Funneling

Filed under bayesian, python.

Bayesian hierarchical (or multilevel) models have two or more layers of random variables. Commonly, variables from one layer are drawn from a parent distribution whose shape depends on the variables from the layer above it. This imposition of structure on the random variables causes partial pooling (or shrinkage), which can lead to hierarchical models having drastically improved out-of-sample predictive accuracy compared to their non-hierarchical counterparts. For a real-world demonstration of this, see Gelman and Stern (2006).

Unfortunately, it can be difficult to sample the posterior distributions of hierarchical models properly, especially when there are few data, due to a phenomenon sometimes called funneling. In this post, I demonstrate funneling using some simple models and show how it can be remedied via reparameterization.

While the funneling problem and its solution have been written about before, in my opinion, they are not well known enough among Bayesian modelers. For instance, in their introductory textbook on Bayesian modeling for cognitive scientists, Lee and Wagenmakers (2013) present numerous models that will likely suffer from funneling if applied to psychological experiments containing few data.

Neal’s funnel

Neal (2003) provides the classic demonstration of funneling. This paper was written to show the inadequacies of older Markov chain Monte Carlo (MCMC) sampling methods, such as Gibbs sampling (Geman & Geman, 1984). However, as we shall see momentarily, even contemporary MCMC sampling methods struggle to properly sample from Neal’s funnel.

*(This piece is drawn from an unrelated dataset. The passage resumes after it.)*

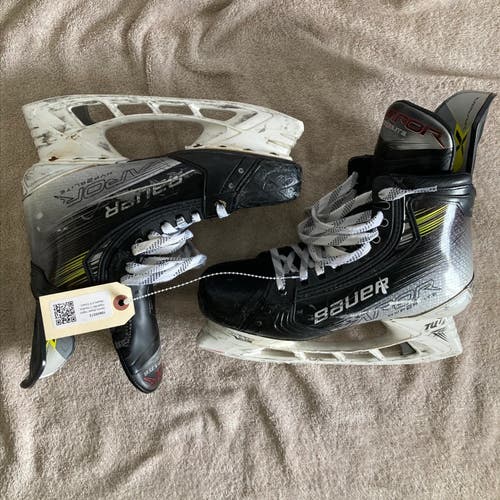 Bauer Vapor Hyperlite 2 Hockey Skates | Size 8.5 Fit 2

Suppose we have the following ten normally distributed random variables:

\[\begin{equation} v\sim\textrm{Normal}\left(0, 3\right)\\ x_i\sim\textrm{Normal}\left(0,e^v\right)\textrm{ for }i=0\textrm{ to }8 \end{equation}\]

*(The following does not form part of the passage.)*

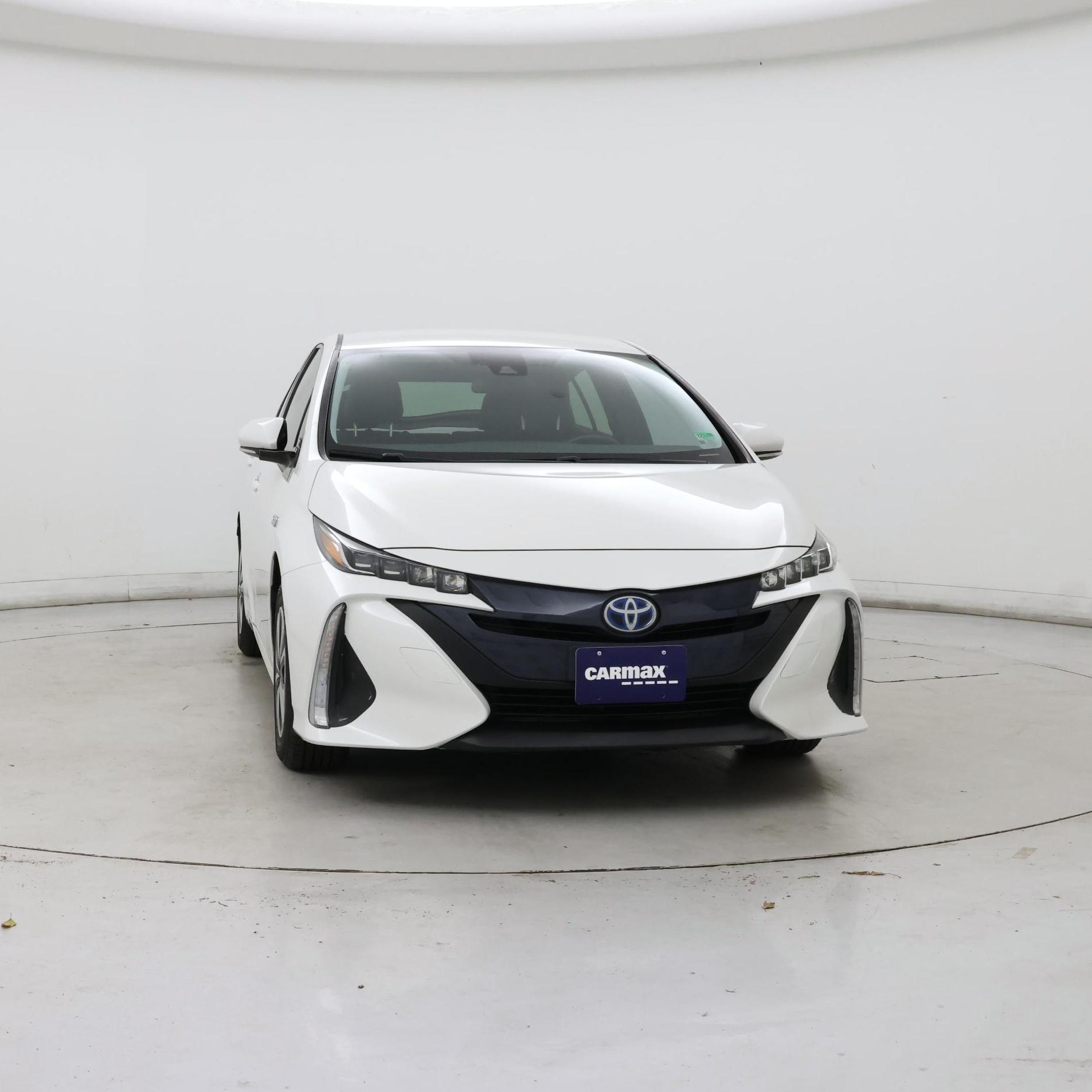 Thumbnail: 2018 Toyota Prius Prime - 5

(Actually, we don’t need \(x_1\) to \(x_8\) to demonstrate funneling, but this is what Neal used, so we’ll stick with it.) Let’s simulate some data and visualize this probability distribution using Python. (Thanks to Junpeng Lao for creating the notebook where I got most of this code.)

"""Generate data from Neal's funnel distribution.

"""
import numpy as np
import matplotlib.pyplot as plt
from matplotlib import rcParams
from scipy.stats import norm


def main():

    # set up figure
    fs = rcParams["figure.figsize"]
    rcParams["figure.figsize"] = (fs[0], fs[0] / 2)
    rcParams["lines.linewidth"] = 2
    rcParams["font.size"] = 14

    # generate data
    np.random.seed(0)
    k = 9
    n = 10000
    v = norm.rvs(0, 3, n)
    x = norm.rvs(0, np.exp(v / 2), (k, n))

    # plot data
    fig, axes = plt.subplots(1, 2, constrained_layout=True)
    ax = axes[0]
    ax.scatter(x[0], v, marker=".", alpha=0.05, rasterized=True)
    ax.set_xlim(-20, 20)
    ax.set_ylim(-9, 9)
    ax.set_xlabel("$x_0$")
    ax.set_ylabel("$v$")

    # plot analytic log-likelihood
    ax = axes[1]
    r = 500
    x, v = np.meshgrid(np.linspace(-20, 20, r), np.linspace(-9, 9, r))
    logp = norm.logpdf(v, 0, 3) + norm.logpdf(x, 0, np.exp(v / 2))
    ax.imshow(logp, vmin=-7.5, vmax=-2.5, cmap="viridis", origin="lower")
    ax.set_yticks([])
    ax.set_yticklabels([])
    ax.set_xticks(np.linspace(0, 499, 5))
    ax.set_xticklabels(np.linspace(-20, 20, 5).astype(int))
    ax.set_xlabel("$x_0$")

    # save
    plt.savefig("../images/neals-funnel-a.svg", bbox_inches=0, transparent=True)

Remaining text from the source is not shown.